TASK INSTRUCTIONS
Examine the records and identify each line that includes the string "Ford". Copy those lines.

[Dataset entries]
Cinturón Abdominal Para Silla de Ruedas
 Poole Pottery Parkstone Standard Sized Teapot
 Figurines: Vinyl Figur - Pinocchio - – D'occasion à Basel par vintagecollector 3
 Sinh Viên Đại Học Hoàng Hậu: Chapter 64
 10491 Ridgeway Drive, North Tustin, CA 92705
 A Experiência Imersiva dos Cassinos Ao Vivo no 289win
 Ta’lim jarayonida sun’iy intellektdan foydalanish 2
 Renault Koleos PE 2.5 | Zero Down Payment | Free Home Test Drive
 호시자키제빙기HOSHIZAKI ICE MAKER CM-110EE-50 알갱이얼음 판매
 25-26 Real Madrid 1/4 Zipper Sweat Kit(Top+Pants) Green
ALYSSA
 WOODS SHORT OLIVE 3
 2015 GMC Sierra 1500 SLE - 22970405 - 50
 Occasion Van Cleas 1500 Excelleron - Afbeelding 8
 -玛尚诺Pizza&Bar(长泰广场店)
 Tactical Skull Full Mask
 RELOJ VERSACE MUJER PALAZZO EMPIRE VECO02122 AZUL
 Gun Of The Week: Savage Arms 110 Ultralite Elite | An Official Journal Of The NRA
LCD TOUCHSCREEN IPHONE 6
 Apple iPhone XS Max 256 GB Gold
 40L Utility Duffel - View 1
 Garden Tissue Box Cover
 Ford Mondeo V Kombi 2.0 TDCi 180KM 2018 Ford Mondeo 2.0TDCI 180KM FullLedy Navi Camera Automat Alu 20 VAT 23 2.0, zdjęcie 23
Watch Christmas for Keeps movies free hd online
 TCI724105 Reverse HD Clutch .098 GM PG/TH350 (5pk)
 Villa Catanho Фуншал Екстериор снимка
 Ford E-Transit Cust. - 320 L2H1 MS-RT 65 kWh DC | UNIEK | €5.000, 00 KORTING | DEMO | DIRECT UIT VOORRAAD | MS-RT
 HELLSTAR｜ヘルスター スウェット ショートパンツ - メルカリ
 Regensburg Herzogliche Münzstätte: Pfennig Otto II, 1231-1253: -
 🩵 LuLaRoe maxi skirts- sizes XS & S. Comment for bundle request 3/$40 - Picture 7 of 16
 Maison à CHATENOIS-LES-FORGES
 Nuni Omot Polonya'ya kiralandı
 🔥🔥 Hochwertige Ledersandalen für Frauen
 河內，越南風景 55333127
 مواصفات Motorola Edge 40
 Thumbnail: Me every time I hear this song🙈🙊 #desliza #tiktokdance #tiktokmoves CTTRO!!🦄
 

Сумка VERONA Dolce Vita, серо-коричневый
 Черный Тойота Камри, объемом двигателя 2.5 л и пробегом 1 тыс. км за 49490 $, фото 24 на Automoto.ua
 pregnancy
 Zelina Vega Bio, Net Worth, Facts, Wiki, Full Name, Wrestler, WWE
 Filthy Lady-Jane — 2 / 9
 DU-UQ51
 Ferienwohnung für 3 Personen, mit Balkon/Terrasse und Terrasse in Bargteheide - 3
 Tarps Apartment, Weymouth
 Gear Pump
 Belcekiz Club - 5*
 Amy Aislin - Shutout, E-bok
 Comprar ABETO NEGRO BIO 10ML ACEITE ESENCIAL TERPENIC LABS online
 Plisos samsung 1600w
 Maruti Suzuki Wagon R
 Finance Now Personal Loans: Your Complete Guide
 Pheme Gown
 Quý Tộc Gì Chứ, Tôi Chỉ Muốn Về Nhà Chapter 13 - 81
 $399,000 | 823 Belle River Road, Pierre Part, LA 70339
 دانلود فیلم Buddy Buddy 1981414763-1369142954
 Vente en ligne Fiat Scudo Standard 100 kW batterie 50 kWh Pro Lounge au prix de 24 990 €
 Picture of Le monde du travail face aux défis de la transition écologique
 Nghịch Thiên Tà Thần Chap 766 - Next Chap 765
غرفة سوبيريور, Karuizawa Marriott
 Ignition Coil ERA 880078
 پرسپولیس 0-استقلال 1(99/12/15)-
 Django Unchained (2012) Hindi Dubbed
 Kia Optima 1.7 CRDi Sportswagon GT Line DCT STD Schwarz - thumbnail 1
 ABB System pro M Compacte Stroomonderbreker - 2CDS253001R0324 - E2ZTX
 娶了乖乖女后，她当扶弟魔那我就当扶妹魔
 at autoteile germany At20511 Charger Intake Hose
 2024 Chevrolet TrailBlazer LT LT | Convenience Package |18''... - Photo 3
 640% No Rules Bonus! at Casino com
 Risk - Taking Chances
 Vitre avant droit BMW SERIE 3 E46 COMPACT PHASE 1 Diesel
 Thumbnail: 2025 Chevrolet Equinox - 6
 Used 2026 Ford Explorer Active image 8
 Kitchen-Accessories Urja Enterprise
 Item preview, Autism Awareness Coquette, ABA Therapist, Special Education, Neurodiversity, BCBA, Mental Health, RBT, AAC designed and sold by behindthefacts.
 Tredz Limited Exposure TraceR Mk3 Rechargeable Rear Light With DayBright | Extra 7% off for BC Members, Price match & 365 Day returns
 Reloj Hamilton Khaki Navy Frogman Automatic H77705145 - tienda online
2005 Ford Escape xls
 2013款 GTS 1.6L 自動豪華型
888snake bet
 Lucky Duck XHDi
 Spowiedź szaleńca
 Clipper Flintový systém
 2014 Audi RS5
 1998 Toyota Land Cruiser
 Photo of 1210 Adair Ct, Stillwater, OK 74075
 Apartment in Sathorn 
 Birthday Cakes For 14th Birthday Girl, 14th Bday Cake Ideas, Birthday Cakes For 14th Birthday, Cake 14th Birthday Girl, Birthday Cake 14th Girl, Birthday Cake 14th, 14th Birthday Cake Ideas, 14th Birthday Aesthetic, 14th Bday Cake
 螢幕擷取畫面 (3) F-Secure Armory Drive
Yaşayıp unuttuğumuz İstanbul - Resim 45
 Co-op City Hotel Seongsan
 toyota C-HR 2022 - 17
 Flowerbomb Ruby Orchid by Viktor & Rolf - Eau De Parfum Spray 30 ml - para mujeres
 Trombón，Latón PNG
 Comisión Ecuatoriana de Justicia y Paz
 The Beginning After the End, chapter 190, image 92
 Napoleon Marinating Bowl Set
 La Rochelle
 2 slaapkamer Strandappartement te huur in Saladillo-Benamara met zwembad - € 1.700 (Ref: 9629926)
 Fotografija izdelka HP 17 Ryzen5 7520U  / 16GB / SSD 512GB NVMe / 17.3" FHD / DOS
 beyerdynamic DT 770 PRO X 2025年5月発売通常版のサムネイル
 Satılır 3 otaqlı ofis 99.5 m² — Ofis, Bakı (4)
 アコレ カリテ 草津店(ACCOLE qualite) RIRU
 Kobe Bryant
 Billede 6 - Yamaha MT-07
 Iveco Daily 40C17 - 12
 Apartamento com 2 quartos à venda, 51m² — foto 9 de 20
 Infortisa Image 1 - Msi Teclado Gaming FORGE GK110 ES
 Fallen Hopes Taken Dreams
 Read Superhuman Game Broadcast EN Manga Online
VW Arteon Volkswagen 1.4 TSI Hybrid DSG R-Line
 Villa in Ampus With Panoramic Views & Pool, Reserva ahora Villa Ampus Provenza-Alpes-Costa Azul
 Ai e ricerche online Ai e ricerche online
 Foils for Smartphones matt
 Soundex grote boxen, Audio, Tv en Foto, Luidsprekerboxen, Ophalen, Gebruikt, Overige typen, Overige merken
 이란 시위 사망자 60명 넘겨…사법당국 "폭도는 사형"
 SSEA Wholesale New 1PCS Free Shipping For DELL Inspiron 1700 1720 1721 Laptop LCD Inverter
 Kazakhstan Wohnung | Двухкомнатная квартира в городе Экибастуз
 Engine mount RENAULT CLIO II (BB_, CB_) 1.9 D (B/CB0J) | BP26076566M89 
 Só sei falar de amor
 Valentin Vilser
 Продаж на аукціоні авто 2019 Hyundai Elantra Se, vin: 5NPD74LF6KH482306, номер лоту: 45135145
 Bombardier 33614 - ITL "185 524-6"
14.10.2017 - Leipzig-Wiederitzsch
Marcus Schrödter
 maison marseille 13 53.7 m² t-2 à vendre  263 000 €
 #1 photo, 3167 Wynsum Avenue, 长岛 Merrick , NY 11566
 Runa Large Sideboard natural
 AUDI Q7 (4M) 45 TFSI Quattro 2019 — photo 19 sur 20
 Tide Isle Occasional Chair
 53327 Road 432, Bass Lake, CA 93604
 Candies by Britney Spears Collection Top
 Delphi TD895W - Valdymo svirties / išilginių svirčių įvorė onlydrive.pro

WRITTEN ANSWER
 Ford Mondeo V Kombi 2.0 TDCi 180KM 2018 Ford Mondeo 2.0TDCI 180KM FullLedy Navi Camera Automat Alu 20 VAT 23 2.0, zdjęcie 23
 Ford E-Transit Cust. - 320 L2H1 MS-RT 65 kWh DC | UNIEK | €5.000, 00 KORTING | DEMO | DIRECT UIT VOORRAAD | MS-RT
 Used 2026 Ford Explorer Active image 8
2005 Ford Escape xls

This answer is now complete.